Photos by James Robbins

The release of permanent flight regulations1 for the commercial use of small unmanned aircraft systems (sUAS) in August 2016 has opened the door for widespread use of these aircraft in the nursery industry and other agricultural applications. In the near future, sUAS will assist in a variety of tasks including: 1) crop monitoring (nutrient, water, pest, general health), 2) chemical/nutrient applications, 3) asset tracking and management (e.g. greenhouse frames, irrigation systems, fencing, roofs), 4) crop inventory management (e.g. count, size, quality, crop insurance), and 5) marketing and sales.

If you have purchased a drone for commercial use, what do you need to do next? To be legal, there are two things you need to complete: aircraft registration and remote pilot certification.

Aircraft registration

Whether you fly your aircraft for hobby or commercial applications, you must register your aircraft if its take-off weight is more than 0.55 pounds or less than 55 pounds. The sUAS registration involves a simple online process (registermyuas.faa.gov). Once you create an account and enter your information, you will immediately receive your aircraft registration number. The aircraft registration cost is currently $5.

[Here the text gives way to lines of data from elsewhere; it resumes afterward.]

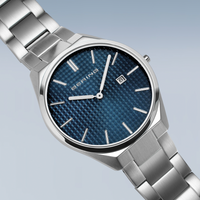 Bering Ultra Slim herreur 17240-707 i rustfrit stål med minimalistisk design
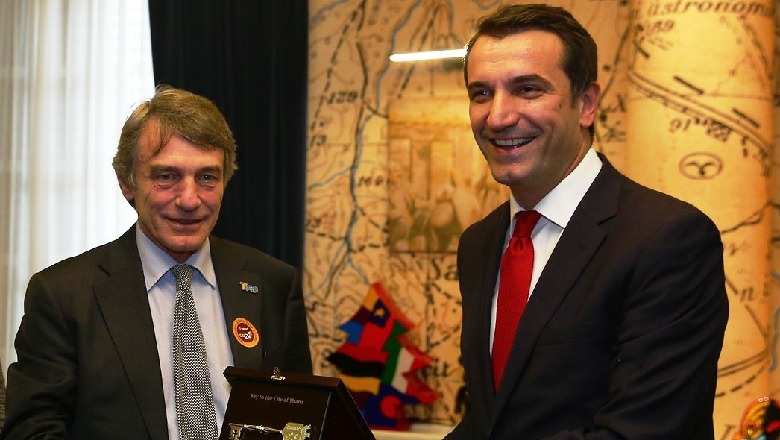 Veliaj i jep 'Çelësin e Qytetit' Presidentit të PE, Sassoli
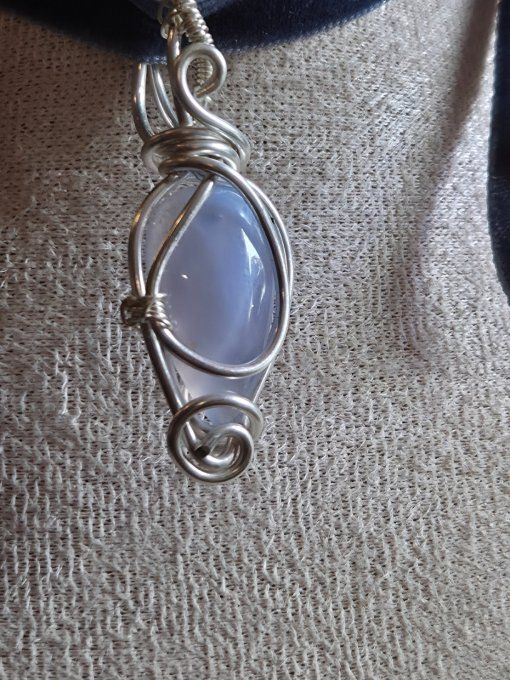 Pendentif calcedoine Blue lace-mini Sérénité, Confiance et Expression ✨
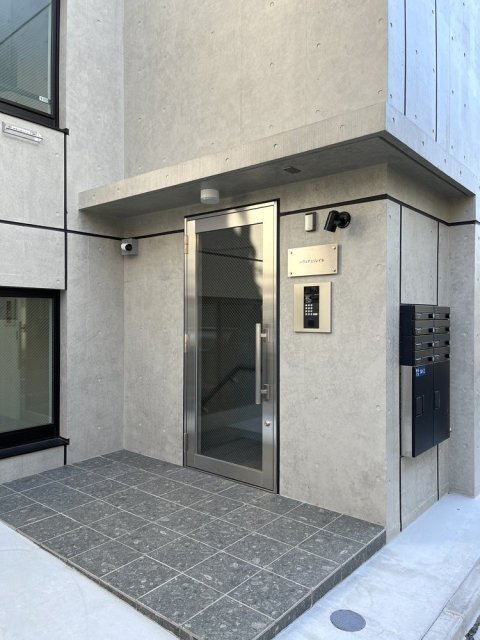 26/30 エントランス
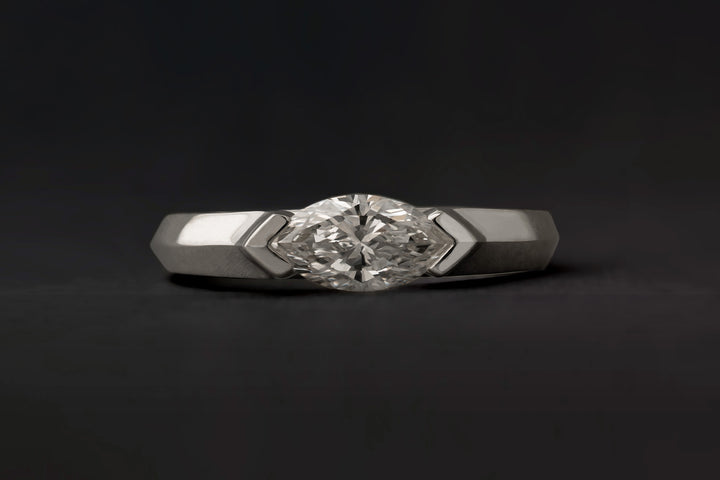 MARQUISE DIAMOND SOLITAIRE | 19K WHITE GOLD
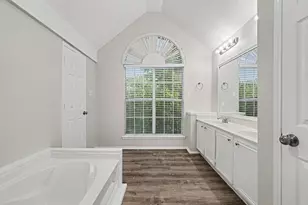 10700 Castle Dr, Frisco, TX 75035 - Photo 15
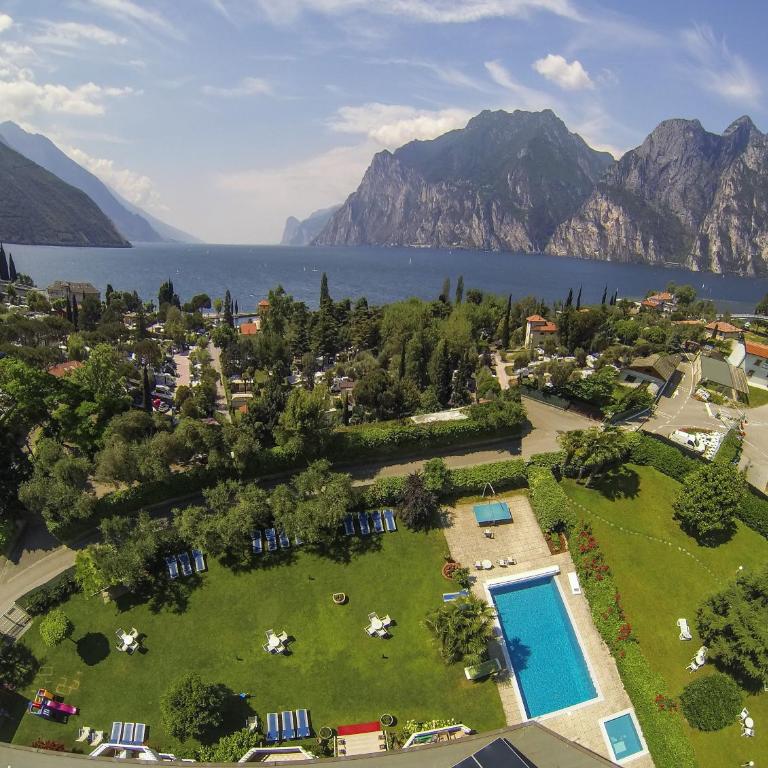 Residence Toblini - Studio with Mountain View - 1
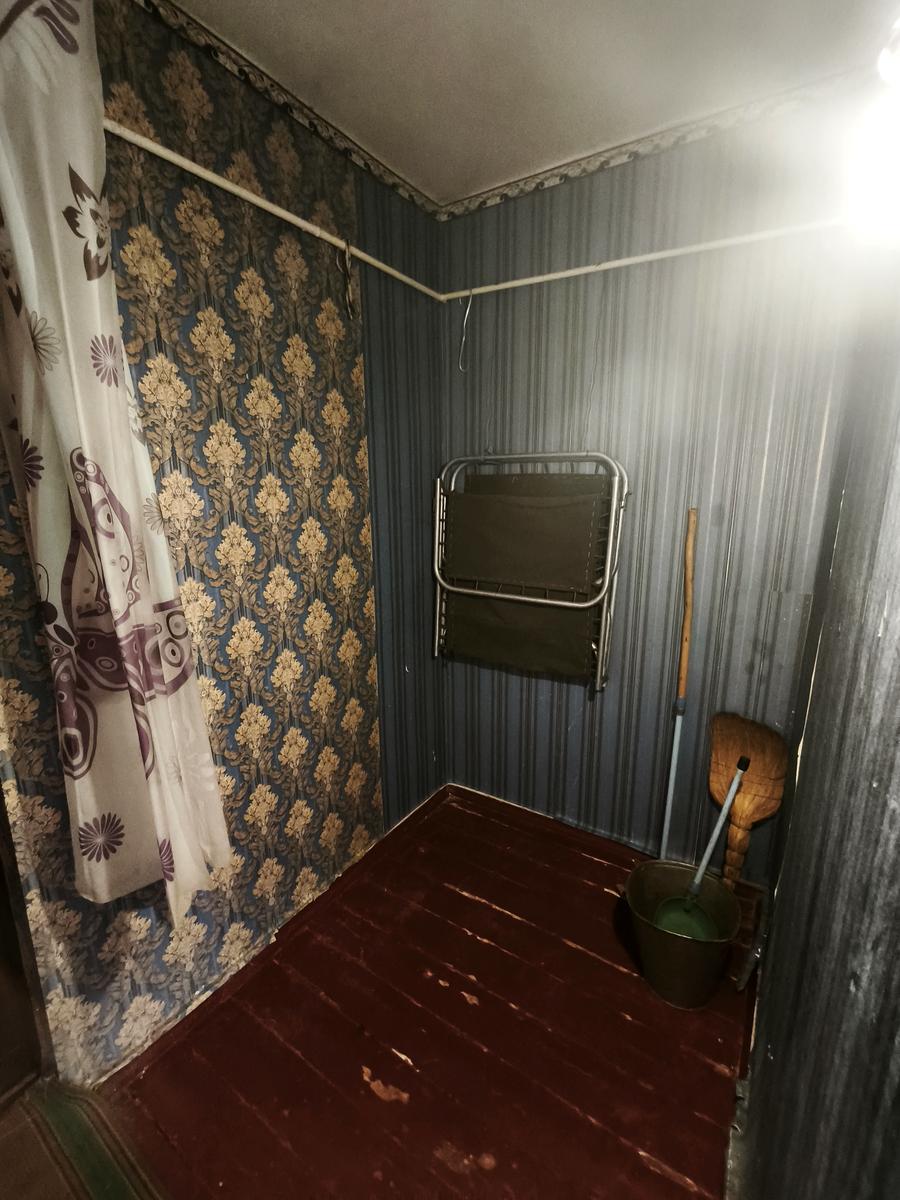 1866794407938328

Remote pilot certification

Drone uses include crop monitoring, chemical and nutrient application, and inventory management.

A major advancement for commercial users in the U.S. was the issuance of the permanent flight regulations by the FAA in August 2016. Referred to as ‘Part 107’ (14 CFR part 107), these permanent regulations apply to a broad spectrum of commercial uses of sUAS. It is important to stress is that if growers, consultants, landscapers, etc. are using a sUAS in any way for their business, they need to have remote pilot certification, otherwise, they are out of compliance with FAA regulations. Remember that the FAA considers a farmer’s use of a sUAS as a commercial use, even when the aircraft is being used on their own farm.

Test preparation

For those that have no prior exposure to the flying of an aircraft, preparing for the remote pilot exam may seem like studying a foreign language. You should reserve at least 30 hours to prepare for the test. A number of vendors provide test preparation materials including sample test questions and materials. Test preparation materials can vary from $0 to $300. The FAA has a portal (bit.ly/FAA-becoming-a-pilot) with lots of resources including a Knowledge Test Study Guide and sample test questions.

Taking the test

To pass your FAA exam, you must receive a grade of 70 percent or higher on the online test.

The cost of the exam is currently $150, and you can locate the closest testing center here: bit.ly/FAA-testing-centers. Most testing centers require making an appointment to take the test. The test is online and you are allotted two hours. Although the FAA advertises the test consists of 60 questions, users have reported tests of 63 and 64 questions. Once you have completed the exam, you will receive your grade immediately. To pass, you must receive a grade of 70 percent or higher. The testing center will print a computer test report, including your exam ID and score. The form indicates to “please allow 24-48 hours for your examination results to upload,” but you can begin the next step which is to log in or start a new registration at the Integrated Airman Certification and Rating Application (IACRA).

Post-exam

Once you pass the test, you are almost home. The final step is to complete your remote pilot certification at another website (iacra.faa.gov/iacra). To be clear, you can initiate (register) an account in IACRA before taking the test, however, for a new registration it is probably more logical to register after passing the remote pilot exam. The IACRA application process should take about 15 minutes and there is no fee. If you do not already have a pilot license (private or commercial), your application will need to be vetted by the Transportation Security Administration (TSA) as a part of the application process. If you complete the online application process, you should receive a temporary certificate within a few days. The FAA indicates they will mail you a permanent certificate within six to eight weeks. If you already hold a pilot certificate issued under 14 CFR part 61, the process just described is slightly different and details can be found on the FAA website (bit.ly/FAA-becoming-a-pilot). A more thorough overview of aircraft registration and remote pilot certification is available as a University of Arkansas System Division of Agriculture CES Fact Sheet (uaex.edu/publications/pdf/FSA-6150.pdf).

Dr. James Robbins is an extension professor at the University of Arkansas, Division of Agriculture; jrobbins@uaex.edu.

Disclaimer: This article summarizes particular aspects of the full rule, which went into effect Aug. 29, 2016. It is for educational purposes only and not meant to provide legal or regulatory advice for the safe and legal operation of any small unmanned aerial system. It is the responsibility of the small unmanned aerial system user to read, understand and follow all items covered in this rule. Users are also subject to state laws in which they operate.

1Discussed in the August 2016 issue of Nursery Management: Birds-eye View.